An eventful week so far


Looking back over the course of this week, it is safe to say that this has been one of the more eventful ones for the Sterling-Dollar rate. So far, we have seen the pair plummet all the way down to its lowest levels since May 2020. This comes as a basket of economic happenings creeped their way into the market and manipulated the rate. Many of these were not good news for the Pound, with some highlighting the current struggles the UK economy face. To go into a little more detail, last week the BoE raised interest rates in the UK which did not excite the market all too much but after this they provided their forecasts on the economy to soon enter a recession. This sobering evaluation and its impacts have been felt all throughout this week, with the Pound moving very sluggishly and still in a downwards path. More recently, a data release on UK GDP failed to meet consensus, causing more alarm over a recession with many analysts predicting that one is already in motion. On the contrary, the losses were exacerbated by the Dollars colossal strength. In the US economy their inflation continues to beat consensus, and this causes investors to price in additional rate hikes, giving the Dollar a strong safety net. For the time being, it will be quite difficult for the Pound to make a reversal as the Dollar caps the majority of its gains.
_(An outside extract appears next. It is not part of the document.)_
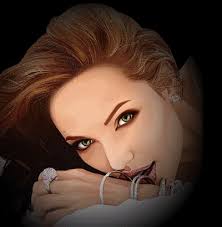 Angelina jolie .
The Pound was also unable to avoid losses against the Euro following the BoE’s new set of forecasts which unveiled their predictions that the UK economy will fall into a recession. This effectively pushed the rate all the way down to its lowest levels experienced so far this year as investors were keen to sell the Pound and buy into alternative currencies that were deemed more stable. To make matters worse, a UK economic think tank by the name of NIESR also published their views that the UK is on course to enter a ‘technical recession’ by year-end. More recently into this week, newly surfaced Brexit disagreements have also played a part in what levels the rate traded at. The UK Government has ‘threatened to rip up’ the Brexit trade pact for Northern Ireland. This has been met with fierce statements by the EU, threatening to halt trade agreements with the UK. This of course has acted as a headwind against the Pound, limiting a large portion of its upwards potential. In the meantime, the Pound has made an effort to recoup some its losses, but it is unclear how long this movement will be sustained for. The Euro has also facilitated these gains as it finds itself under pressure again as the war in Ukraine grinds on.